* [DATA PROVIDED]
=== Begin Enclosure ===
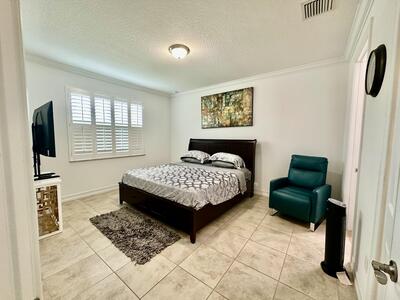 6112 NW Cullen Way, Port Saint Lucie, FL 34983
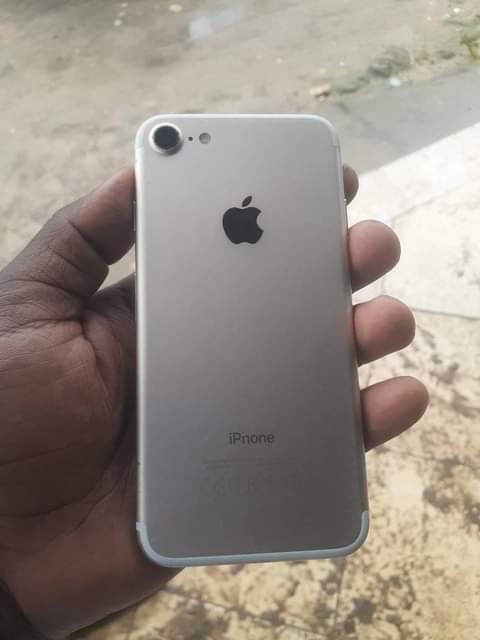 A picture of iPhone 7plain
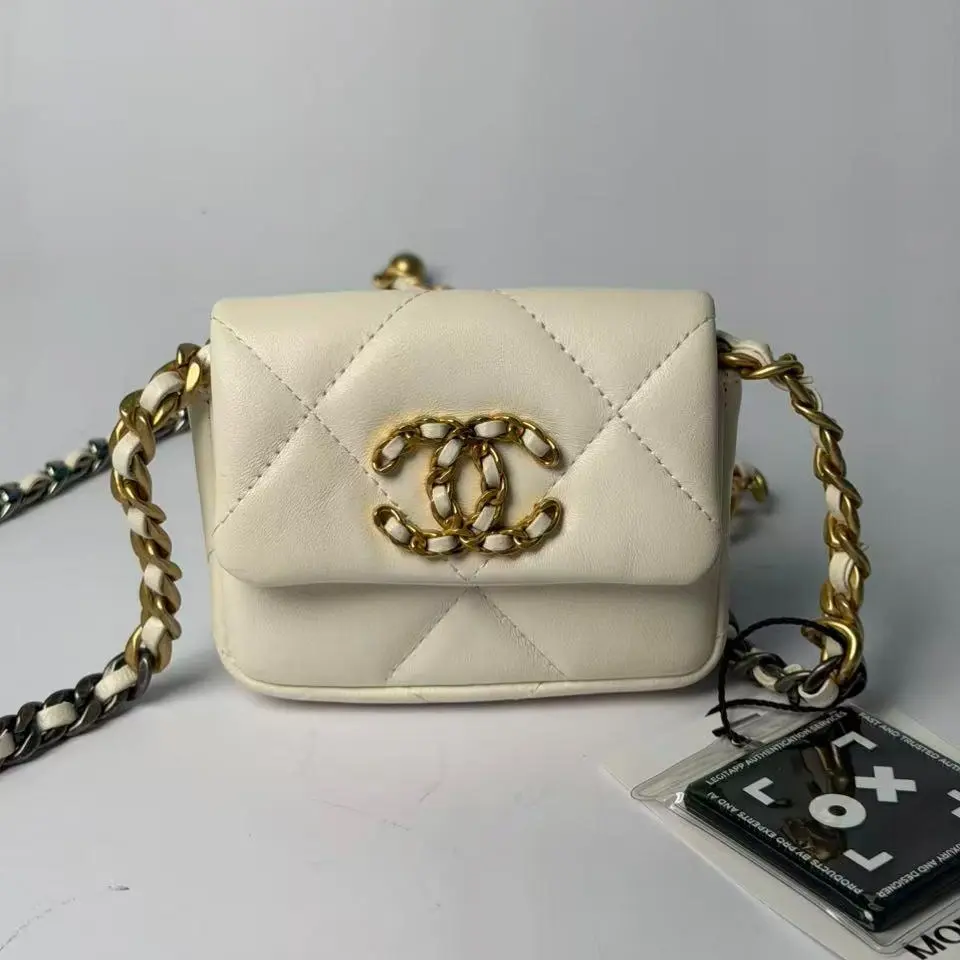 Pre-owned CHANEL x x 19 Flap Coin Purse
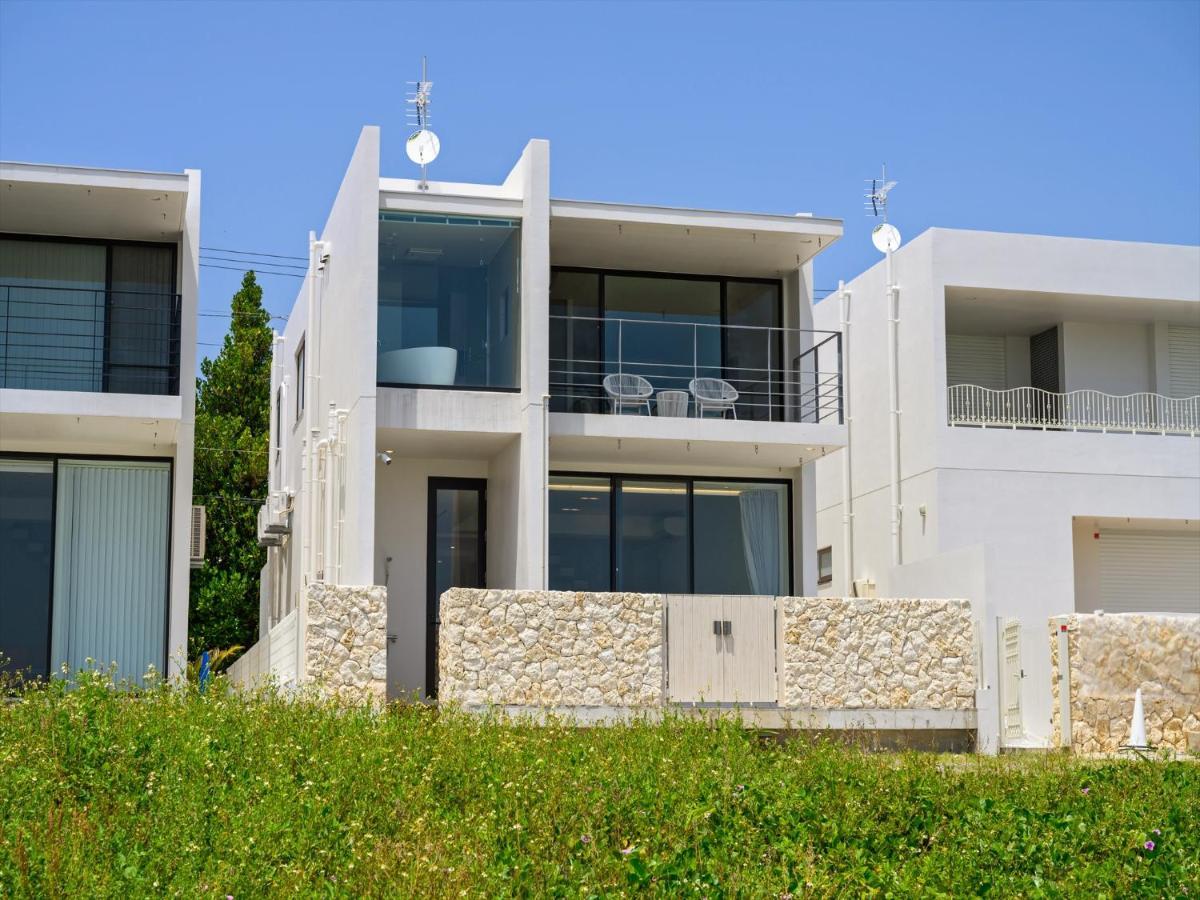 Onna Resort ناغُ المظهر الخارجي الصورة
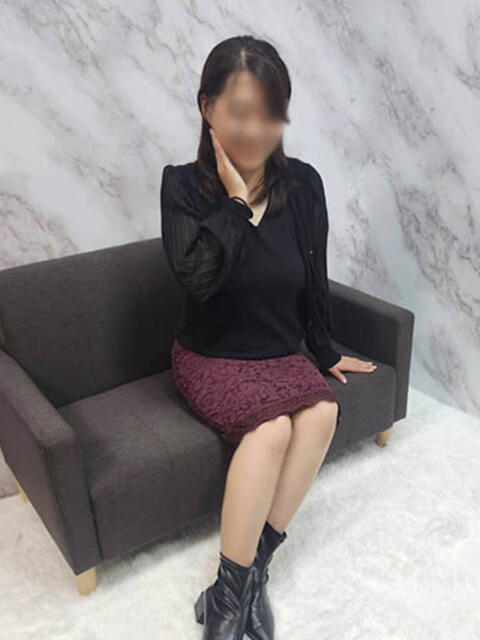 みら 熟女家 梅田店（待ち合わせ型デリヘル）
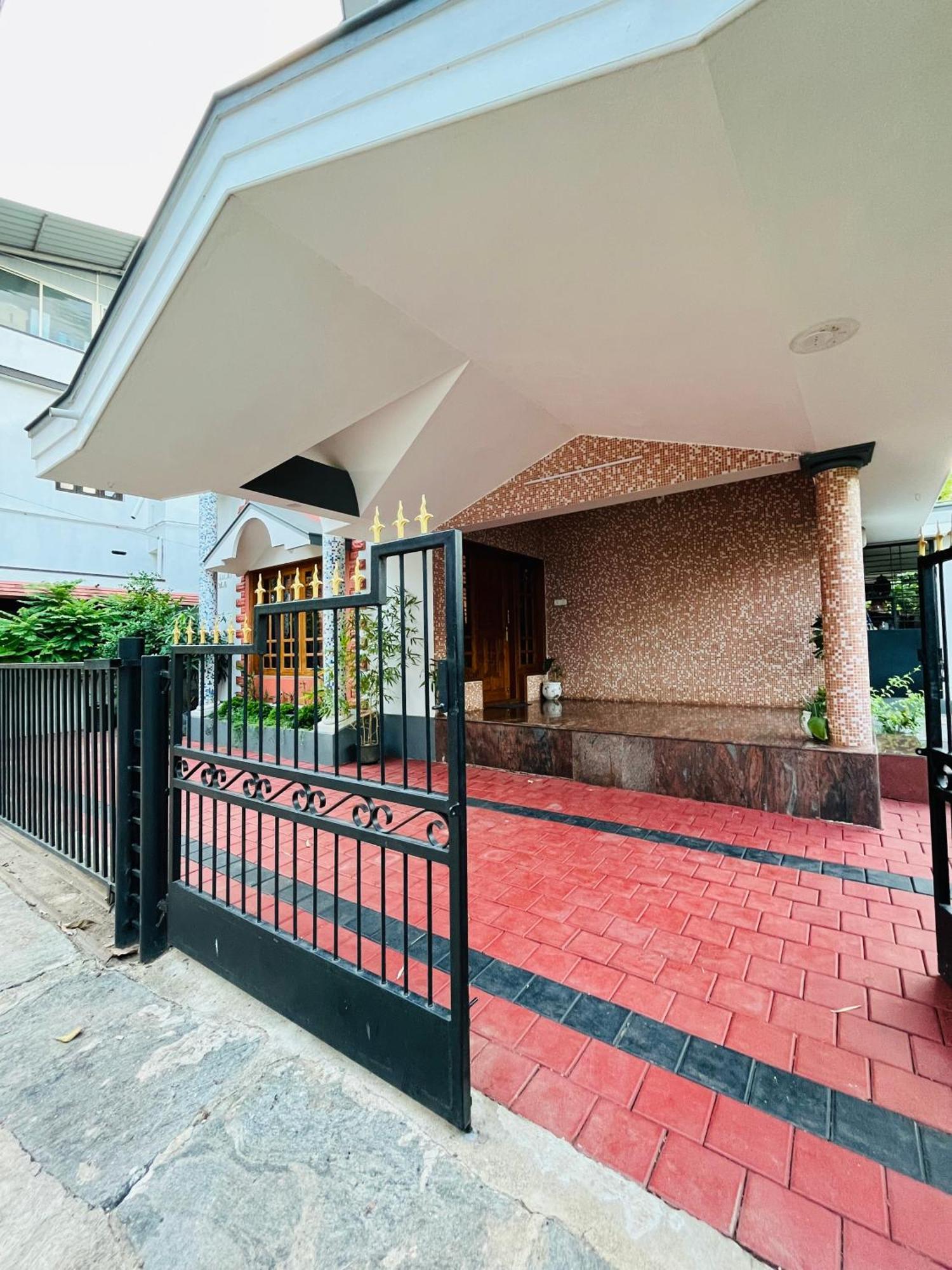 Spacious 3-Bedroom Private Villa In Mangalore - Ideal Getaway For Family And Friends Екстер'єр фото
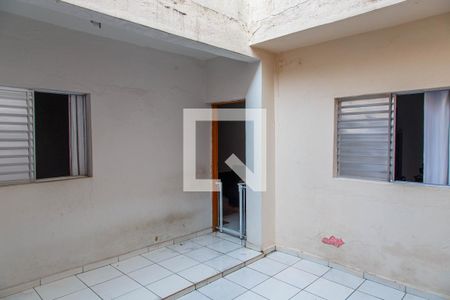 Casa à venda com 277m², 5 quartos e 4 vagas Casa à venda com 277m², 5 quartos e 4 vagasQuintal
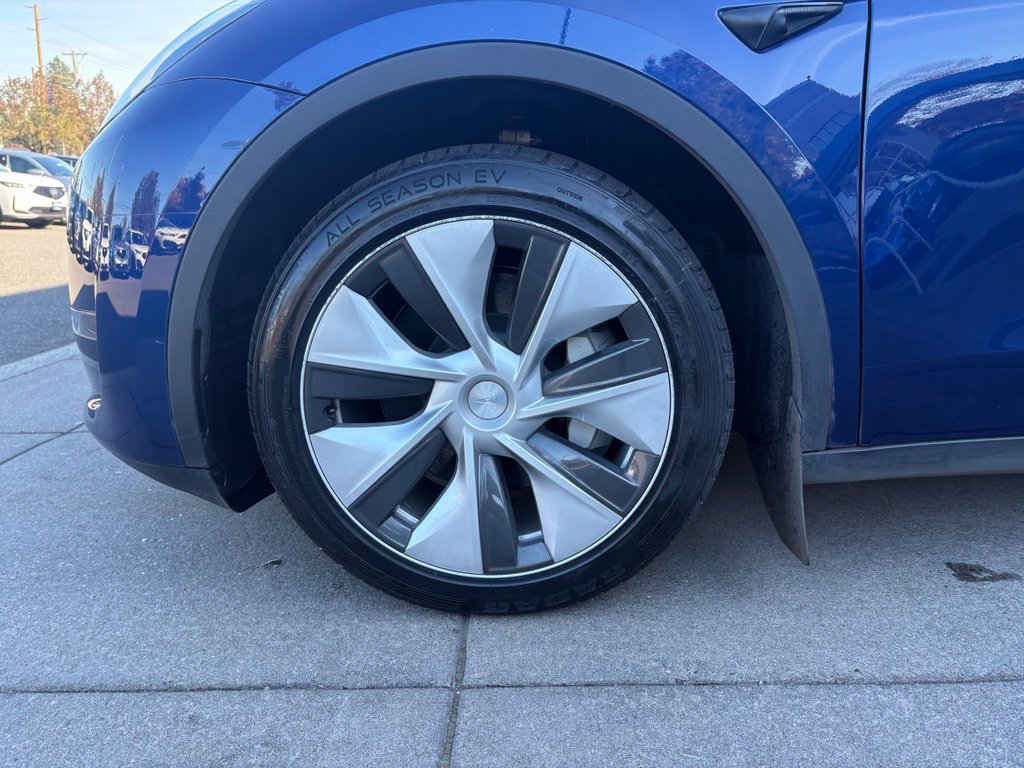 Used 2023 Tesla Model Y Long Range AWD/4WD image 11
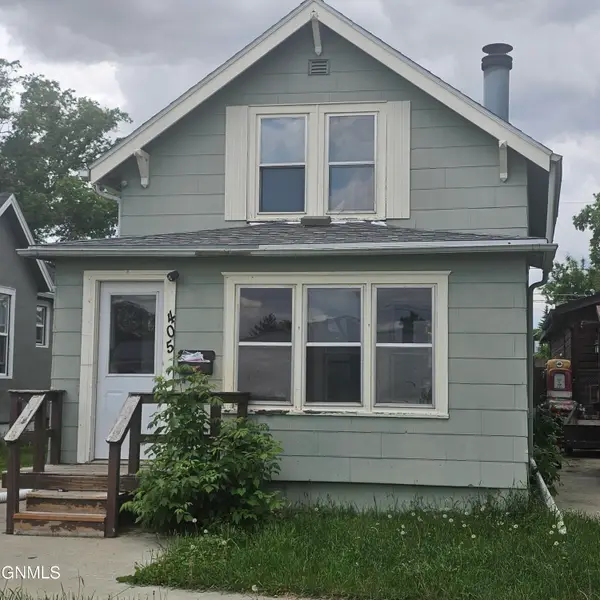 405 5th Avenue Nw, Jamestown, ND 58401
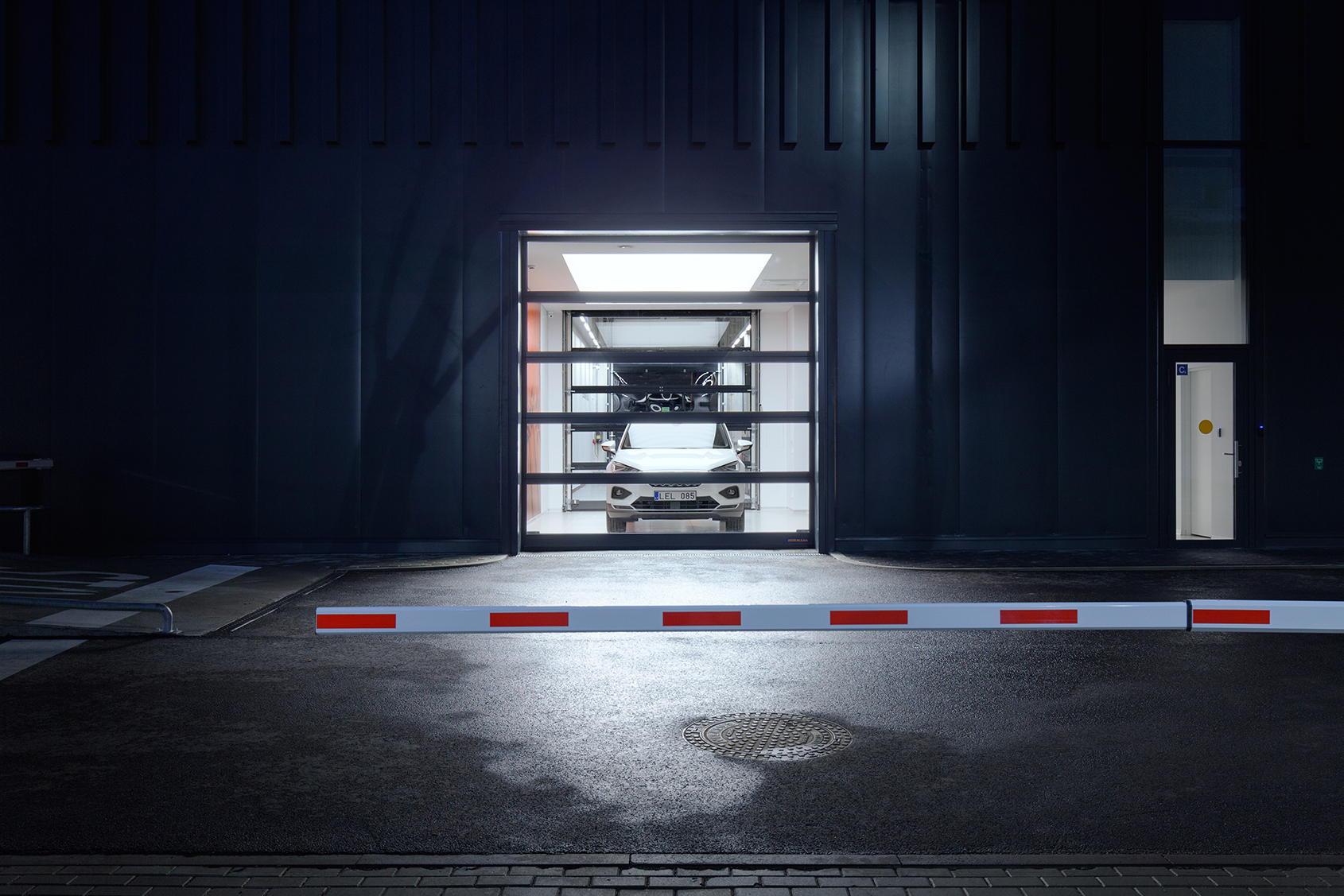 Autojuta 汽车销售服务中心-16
=== End Enclosure ===
* [TASK ITEM] The answer should contain all the material above, copied exactly, and no images.

* [REPLY TO THE TASK]
 6112 NW Cullen Way, Port Saint Lucie, FL 34983
 A picture of iPhone 7plain
 Pre-owned CHANEL x x 19 Flap Coin Purse
 Onna Resort ناغُ المظهر الخارجي الصورة
 みら 熟女家 梅田店（待ち合わせ型デリヘル）
 Spacious 3-Bedroom Private Villa In Mangalore - Ideal Getaway For Family And Friends Екстер'єр фото
 Casa à venda com 277m², 5 quartos e 4 vagas Casa à venda com 277m², 5 quartos e 4 vagasQuintal
 Used 2023 Tesla Model Y Long Range AWD/4WD image 11
 405 5th Avenue Nw, Jamestown, ND 58401
 Autojuta 汽车销售服务中心-16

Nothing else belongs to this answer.